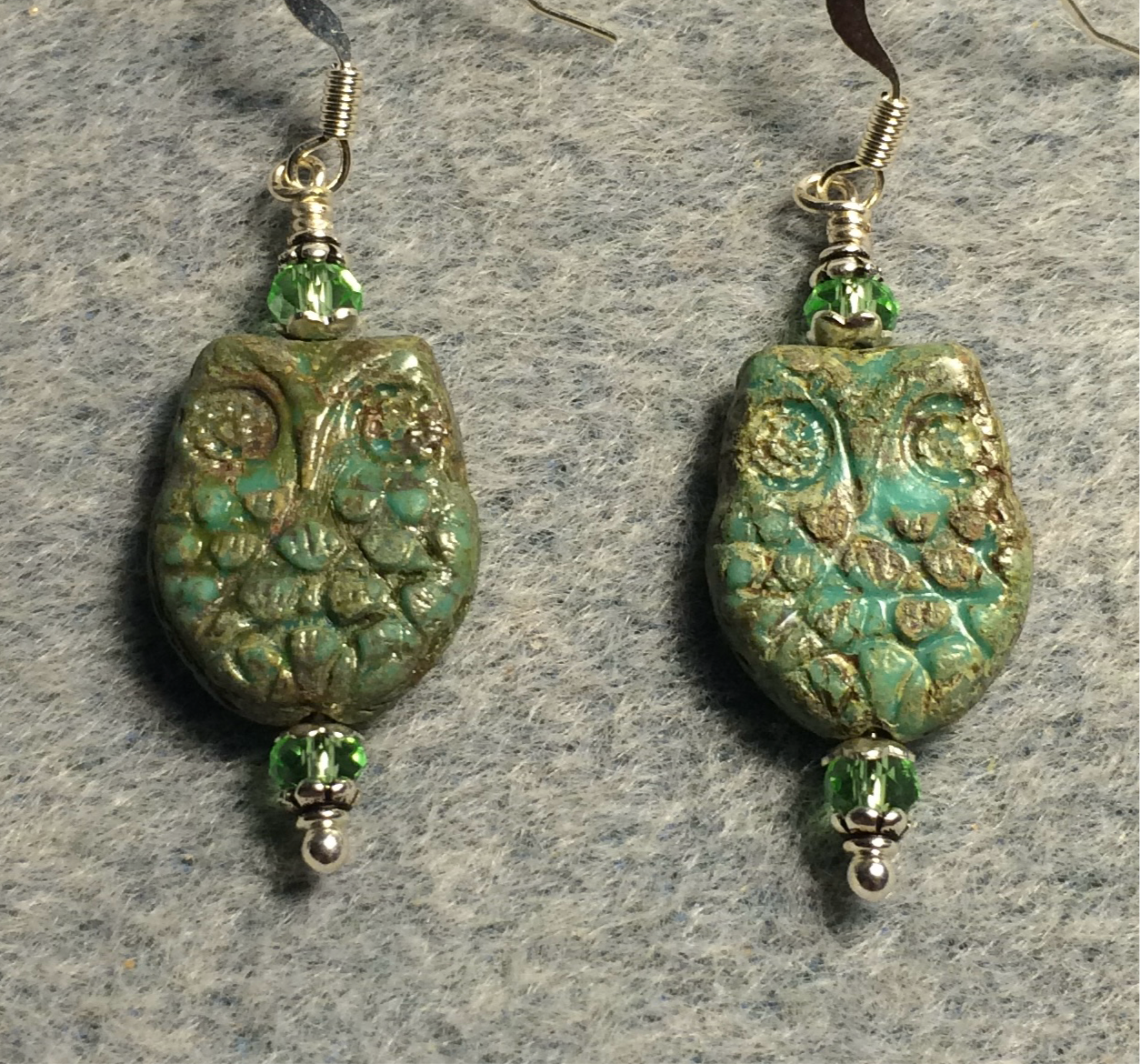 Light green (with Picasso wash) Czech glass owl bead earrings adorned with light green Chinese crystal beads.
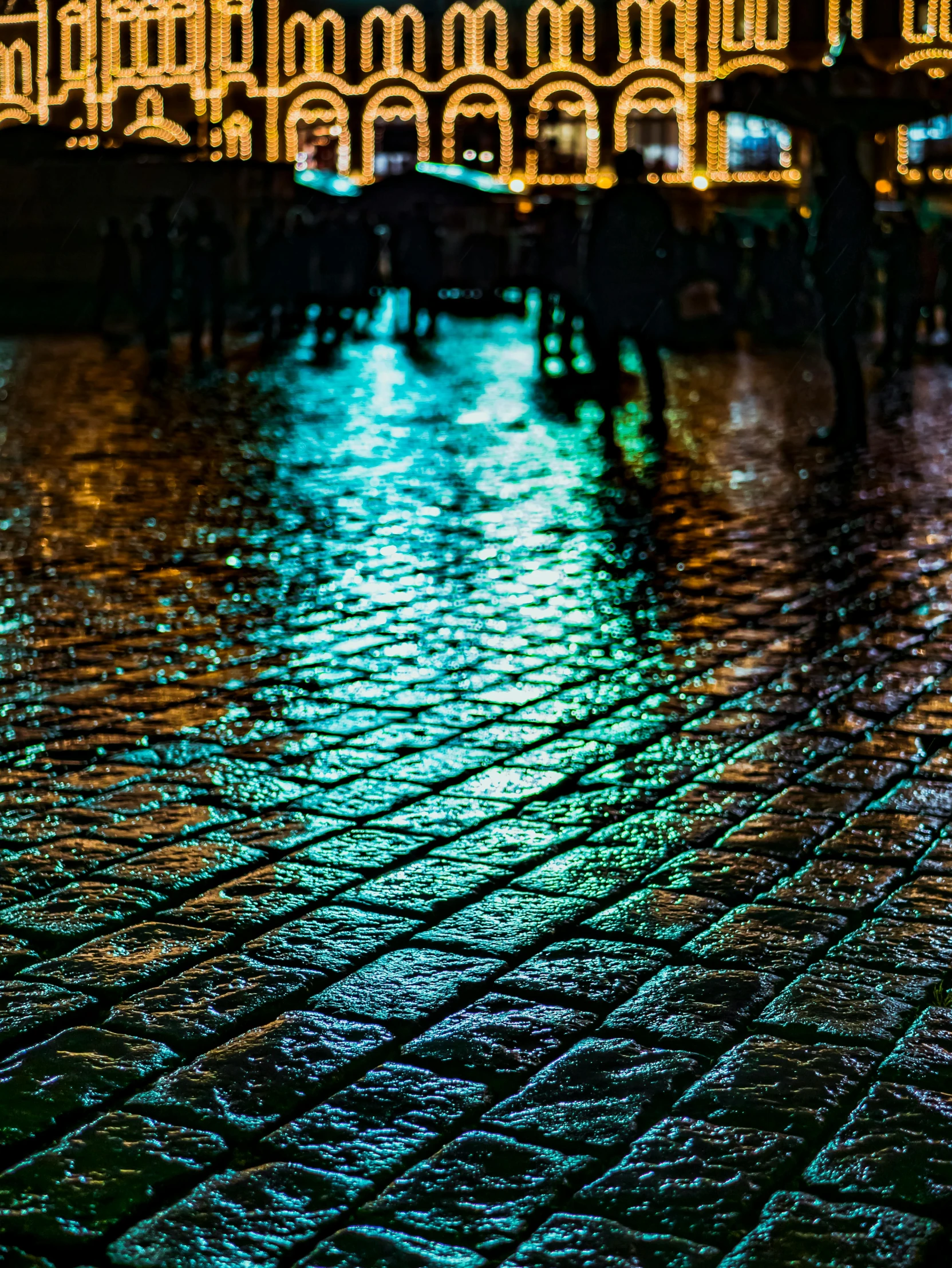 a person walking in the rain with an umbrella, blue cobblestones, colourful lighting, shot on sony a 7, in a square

══════════════════════════════

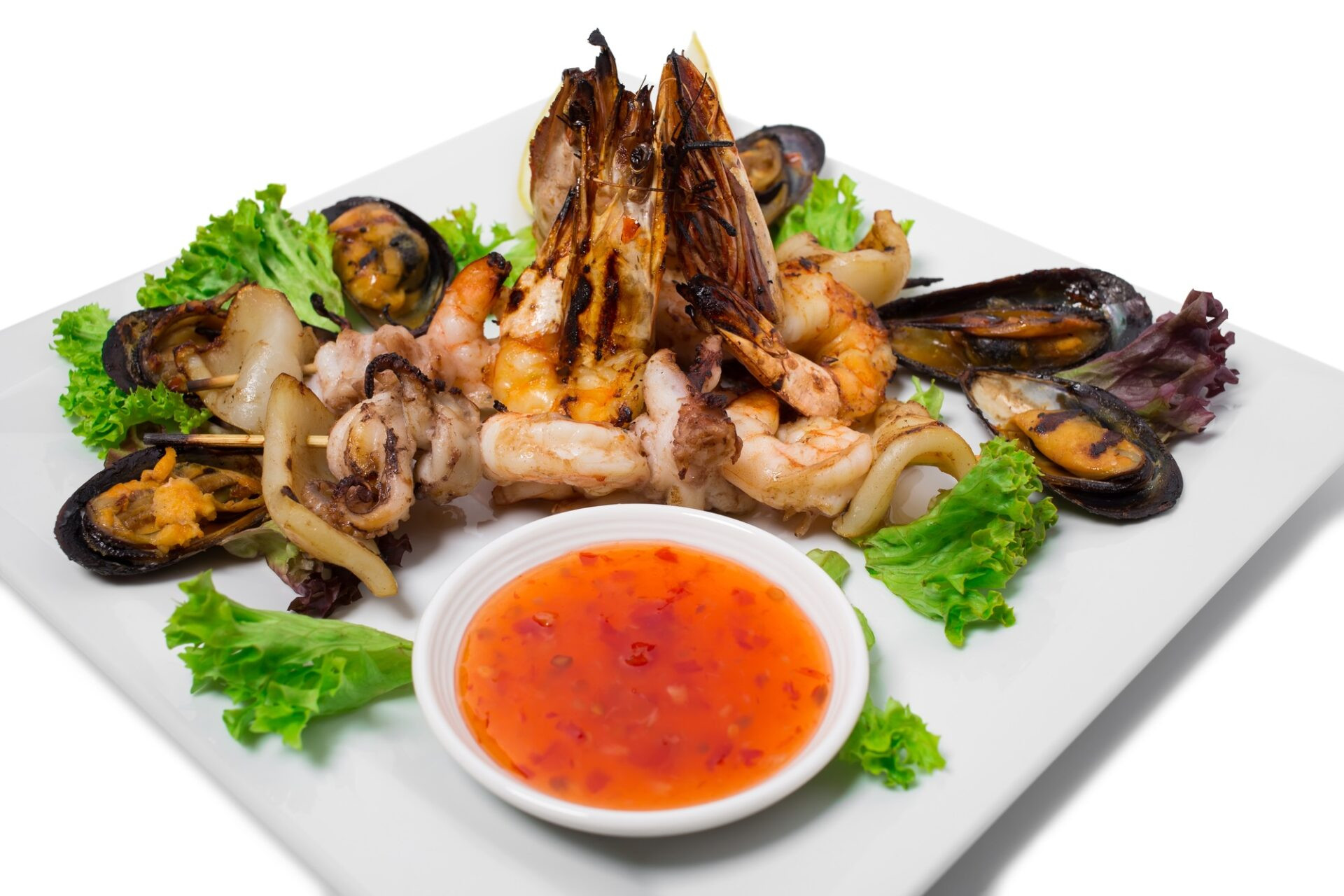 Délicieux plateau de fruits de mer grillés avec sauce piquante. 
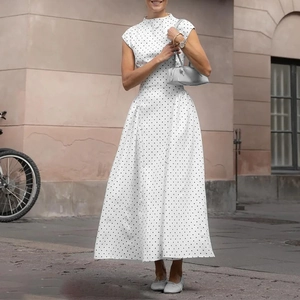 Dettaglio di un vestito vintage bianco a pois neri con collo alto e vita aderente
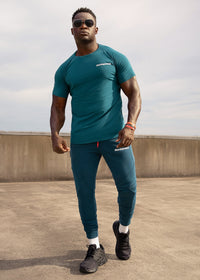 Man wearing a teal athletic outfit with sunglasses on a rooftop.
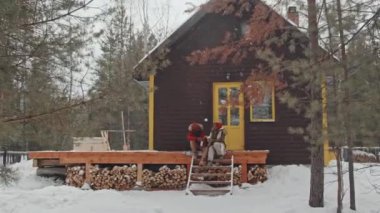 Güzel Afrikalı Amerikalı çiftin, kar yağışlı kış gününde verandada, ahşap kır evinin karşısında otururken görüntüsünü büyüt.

══════════════════════════════

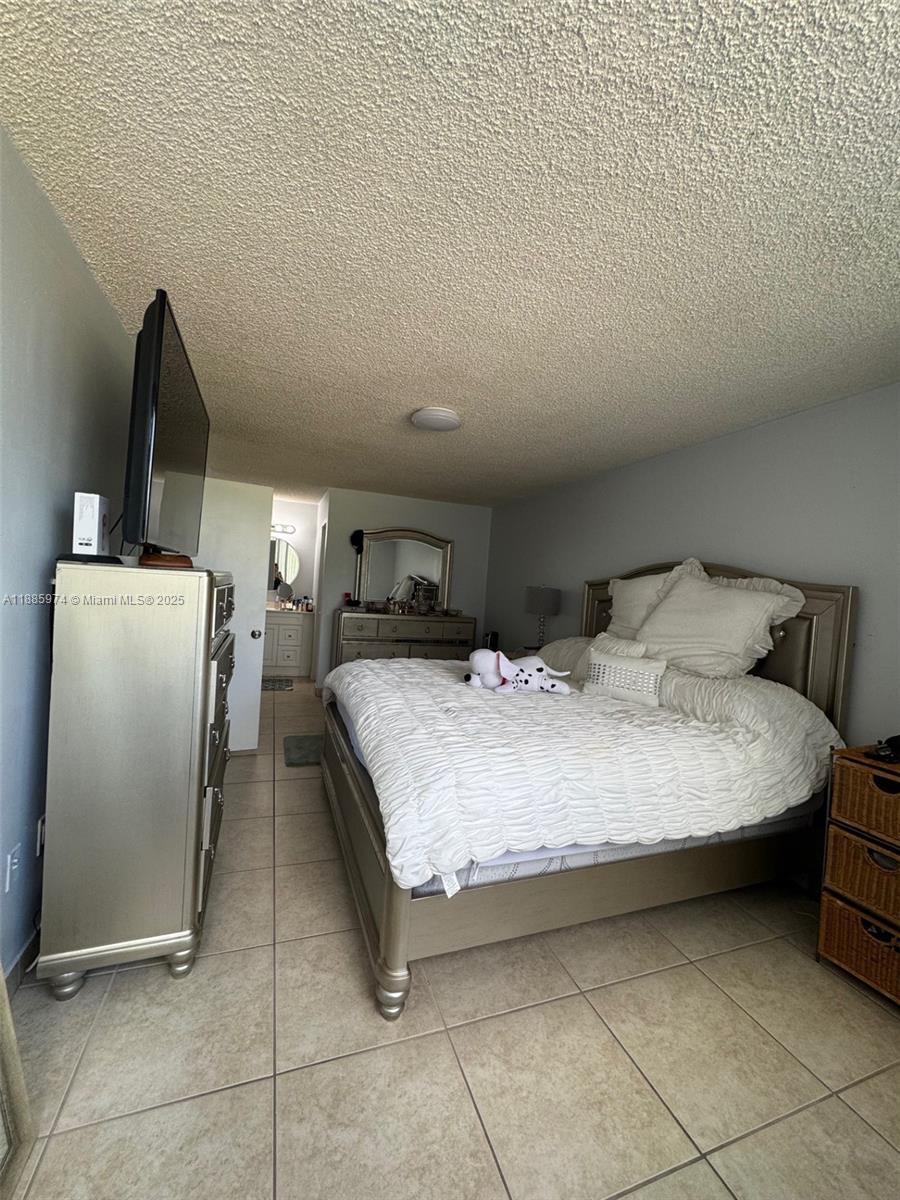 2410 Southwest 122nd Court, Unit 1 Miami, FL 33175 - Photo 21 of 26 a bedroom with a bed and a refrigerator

══════════════════════════════

> [WORK REQUEST]
Within the entries above, give again exactly the lines starting at the one that contains "Délicieux plateau de" and ending at the one that contains "Güzel Afrikalı Amerikalı", leaving out the pictures.

> [WRITTEN RESPONSE]
 Délicieux plateau de fruits de mer grillés avec sauce piquante. 
 Dettaglio di un vestito vintage bianco a pois neri con collo alto e vita aderente
 Man wearing a teal athletic outfit with sunglasses on a rooftop.
 Güzel Afrikalı Amerikalı çiftin, kar yağışlı kış gününde verandada, ahşap kır evinin karşısında otururken görüntüsünü büyüt.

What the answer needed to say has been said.